Sono cose ben diverse la felicità e la gioia. La prima è uno stato d'animo temporaneo, che può durare anche pochi minuti; la seconda è permanente, o per lo meno è destinata a durare un periodo lungo. La prima è la reazione a un fatto concreto: sono felice perché ho superato un esame, o perché una donna mi ha detto di sì, o perché ho comprato la nuova automobile superaccessoriata, o perché ho acquistato l'ultimo modello di smartphone. La seconda è sganciata dagli accadimenti immediati: non importa cosa mi è appena successo, io sono gioioso e basta.
Per cogliere cosa sia la gioia è bene chiedere aiuto alle filosofie orientali. Scrive Osho, nel commento a un sutra di Gautama Buddha:
...la felicità è causata da eventi esterni, ragion per cui può essere sottratta dall'esterno: si deve dipendere dagli altri. E qualsiasi dipendenza è brutta, è un vincolo, una schiavitù. La gioia invece sorge dall'interno [...] è un fluire spontaneo della propria energia ...
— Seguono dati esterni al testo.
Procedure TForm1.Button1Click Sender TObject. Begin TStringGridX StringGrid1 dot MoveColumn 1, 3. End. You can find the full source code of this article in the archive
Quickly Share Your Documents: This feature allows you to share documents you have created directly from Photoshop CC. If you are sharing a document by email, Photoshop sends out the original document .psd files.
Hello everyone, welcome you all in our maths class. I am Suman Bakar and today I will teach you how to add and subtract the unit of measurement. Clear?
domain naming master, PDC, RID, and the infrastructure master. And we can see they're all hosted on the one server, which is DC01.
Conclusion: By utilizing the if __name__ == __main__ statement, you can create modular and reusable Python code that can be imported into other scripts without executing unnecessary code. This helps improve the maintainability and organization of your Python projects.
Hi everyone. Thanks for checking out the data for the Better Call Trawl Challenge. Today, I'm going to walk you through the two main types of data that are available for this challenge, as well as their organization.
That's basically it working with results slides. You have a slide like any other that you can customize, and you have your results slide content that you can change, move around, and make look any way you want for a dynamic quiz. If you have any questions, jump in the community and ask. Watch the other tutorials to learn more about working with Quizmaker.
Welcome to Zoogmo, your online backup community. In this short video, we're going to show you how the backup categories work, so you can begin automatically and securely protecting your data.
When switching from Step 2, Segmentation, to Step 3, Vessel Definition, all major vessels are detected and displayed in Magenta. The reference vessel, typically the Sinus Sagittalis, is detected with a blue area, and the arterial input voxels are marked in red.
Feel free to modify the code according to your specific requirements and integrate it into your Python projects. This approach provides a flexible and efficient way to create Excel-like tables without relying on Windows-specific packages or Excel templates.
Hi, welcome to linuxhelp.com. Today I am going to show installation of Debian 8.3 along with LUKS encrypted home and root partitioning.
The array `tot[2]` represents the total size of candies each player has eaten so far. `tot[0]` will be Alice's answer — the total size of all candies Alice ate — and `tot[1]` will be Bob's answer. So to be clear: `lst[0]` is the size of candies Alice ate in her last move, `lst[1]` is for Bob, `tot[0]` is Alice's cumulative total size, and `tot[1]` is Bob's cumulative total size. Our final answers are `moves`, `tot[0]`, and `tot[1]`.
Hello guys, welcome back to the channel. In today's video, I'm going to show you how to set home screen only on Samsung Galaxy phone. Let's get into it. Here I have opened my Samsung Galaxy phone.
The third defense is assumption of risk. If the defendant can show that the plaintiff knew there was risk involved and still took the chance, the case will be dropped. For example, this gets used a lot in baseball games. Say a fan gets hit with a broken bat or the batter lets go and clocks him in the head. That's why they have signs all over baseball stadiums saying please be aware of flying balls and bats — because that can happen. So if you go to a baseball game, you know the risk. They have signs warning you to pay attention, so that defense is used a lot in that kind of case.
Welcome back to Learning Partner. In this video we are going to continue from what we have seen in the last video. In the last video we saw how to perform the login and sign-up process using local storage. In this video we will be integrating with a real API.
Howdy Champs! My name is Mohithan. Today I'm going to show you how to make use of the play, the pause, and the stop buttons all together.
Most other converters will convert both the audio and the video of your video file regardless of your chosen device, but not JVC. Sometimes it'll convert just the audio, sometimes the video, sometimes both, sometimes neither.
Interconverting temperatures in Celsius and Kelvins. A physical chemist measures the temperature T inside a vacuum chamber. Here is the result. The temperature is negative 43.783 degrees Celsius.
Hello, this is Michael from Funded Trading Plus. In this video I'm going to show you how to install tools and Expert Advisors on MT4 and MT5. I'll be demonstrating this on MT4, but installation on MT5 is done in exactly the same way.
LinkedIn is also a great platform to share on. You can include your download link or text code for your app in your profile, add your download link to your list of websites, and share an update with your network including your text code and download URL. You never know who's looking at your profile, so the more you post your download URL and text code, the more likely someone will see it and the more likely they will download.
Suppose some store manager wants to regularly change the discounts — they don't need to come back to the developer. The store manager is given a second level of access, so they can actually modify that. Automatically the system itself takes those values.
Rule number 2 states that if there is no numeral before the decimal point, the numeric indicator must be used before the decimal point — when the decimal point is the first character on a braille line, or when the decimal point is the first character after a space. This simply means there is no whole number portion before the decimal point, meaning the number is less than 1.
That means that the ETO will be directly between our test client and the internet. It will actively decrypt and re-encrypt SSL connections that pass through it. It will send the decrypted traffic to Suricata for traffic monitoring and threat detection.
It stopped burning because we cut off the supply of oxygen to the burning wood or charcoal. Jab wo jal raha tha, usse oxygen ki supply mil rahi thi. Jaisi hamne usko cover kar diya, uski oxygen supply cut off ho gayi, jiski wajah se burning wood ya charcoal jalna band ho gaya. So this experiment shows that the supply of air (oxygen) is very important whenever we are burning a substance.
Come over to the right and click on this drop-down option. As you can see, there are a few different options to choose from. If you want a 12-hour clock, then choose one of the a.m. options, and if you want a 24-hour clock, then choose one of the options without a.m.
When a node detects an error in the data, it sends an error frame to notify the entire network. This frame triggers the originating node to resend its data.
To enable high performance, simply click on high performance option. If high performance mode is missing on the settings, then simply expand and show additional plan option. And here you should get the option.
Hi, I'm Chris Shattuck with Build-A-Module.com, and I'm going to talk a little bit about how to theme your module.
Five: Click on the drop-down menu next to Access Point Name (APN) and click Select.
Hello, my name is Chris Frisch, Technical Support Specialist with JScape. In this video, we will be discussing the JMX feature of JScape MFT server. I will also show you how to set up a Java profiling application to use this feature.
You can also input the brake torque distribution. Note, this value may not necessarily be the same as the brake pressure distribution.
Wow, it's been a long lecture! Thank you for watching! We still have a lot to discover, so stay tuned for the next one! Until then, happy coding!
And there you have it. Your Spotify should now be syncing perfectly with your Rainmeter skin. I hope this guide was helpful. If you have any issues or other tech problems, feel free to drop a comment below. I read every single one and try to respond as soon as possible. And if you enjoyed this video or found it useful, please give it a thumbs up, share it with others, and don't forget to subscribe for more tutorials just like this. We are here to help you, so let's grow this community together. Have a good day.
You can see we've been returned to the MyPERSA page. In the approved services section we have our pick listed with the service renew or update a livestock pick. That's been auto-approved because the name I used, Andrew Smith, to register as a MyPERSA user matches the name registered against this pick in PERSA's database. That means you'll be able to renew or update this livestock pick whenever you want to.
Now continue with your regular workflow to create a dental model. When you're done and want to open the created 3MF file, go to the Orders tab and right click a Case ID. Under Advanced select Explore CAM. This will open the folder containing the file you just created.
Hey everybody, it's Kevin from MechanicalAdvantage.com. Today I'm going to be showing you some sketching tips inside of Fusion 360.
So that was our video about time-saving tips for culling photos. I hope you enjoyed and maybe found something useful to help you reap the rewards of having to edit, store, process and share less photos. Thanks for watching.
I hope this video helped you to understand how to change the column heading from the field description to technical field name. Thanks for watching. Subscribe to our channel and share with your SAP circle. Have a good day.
La gioia è gratuita, e dunque incommensurabile. Per questo è anche "pericolosa". La felicità è in qualche modo trattabile, si può spesso comprare col denaro ciò che ci rende felici: le merci, più che altro, che ci insegnano essere ciò che ci dà felicità. Ma la gioia no, ha delle logiche sue che sfuggono al mercato. Dunque è imprevedibile, e potenzialmente rivoluzionaria.